> Input for this task:
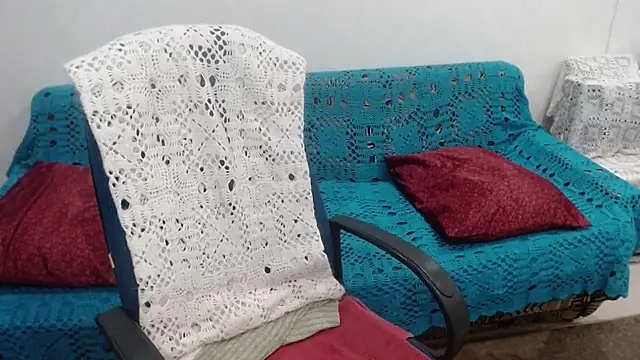 xHoneyLadyx webcam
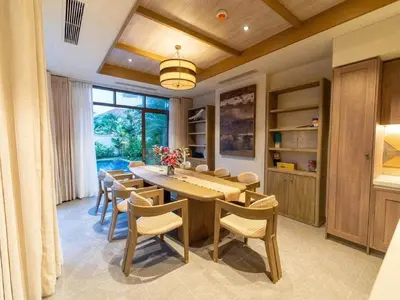 2 phòng ngủ · biệt thự · Hội An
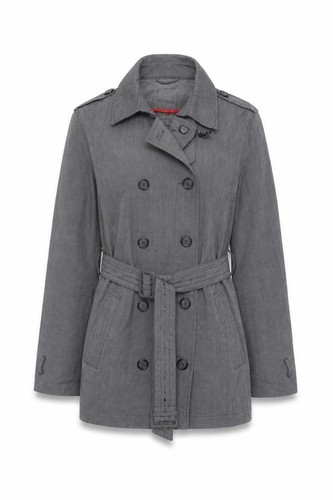 Jeff banks womens - trench, coat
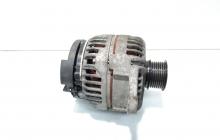 Alternator 140A, cod 504009978, Iveco Daily III Autobus, 2.3 diesel (pr:110747)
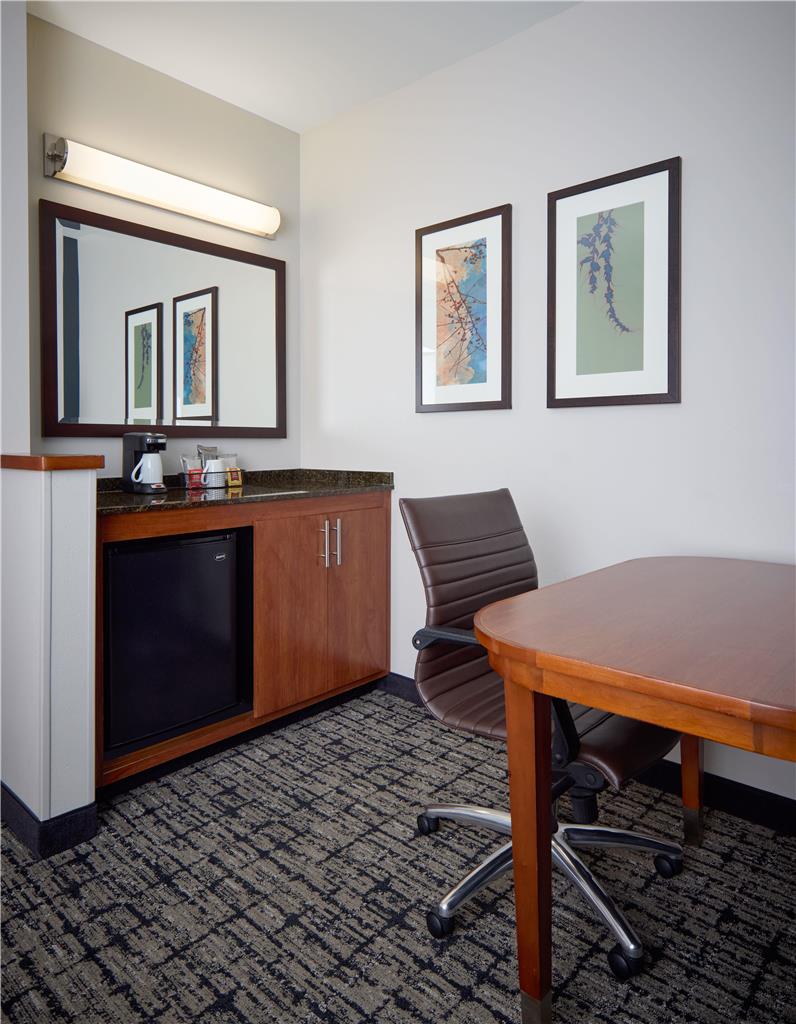 Hyatt Place Salt Lake City Downtown The Gateway - photo 17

> Problem to work on: When you reproduce the data shown above, keep each line exact and omit every picture.

> Output for this task:
 xHoneyLadyx webcam
 2 phòng ngủ · biệt thự · Hội An
 Jeff banks womens - trench, coat
 Alternator 140A, cod 504009978, Iveco Daily III Autobus, 2.3 diesel (pr:110747)
 Hyatt Place Salt Lake City Downtown The Gateway - photo 17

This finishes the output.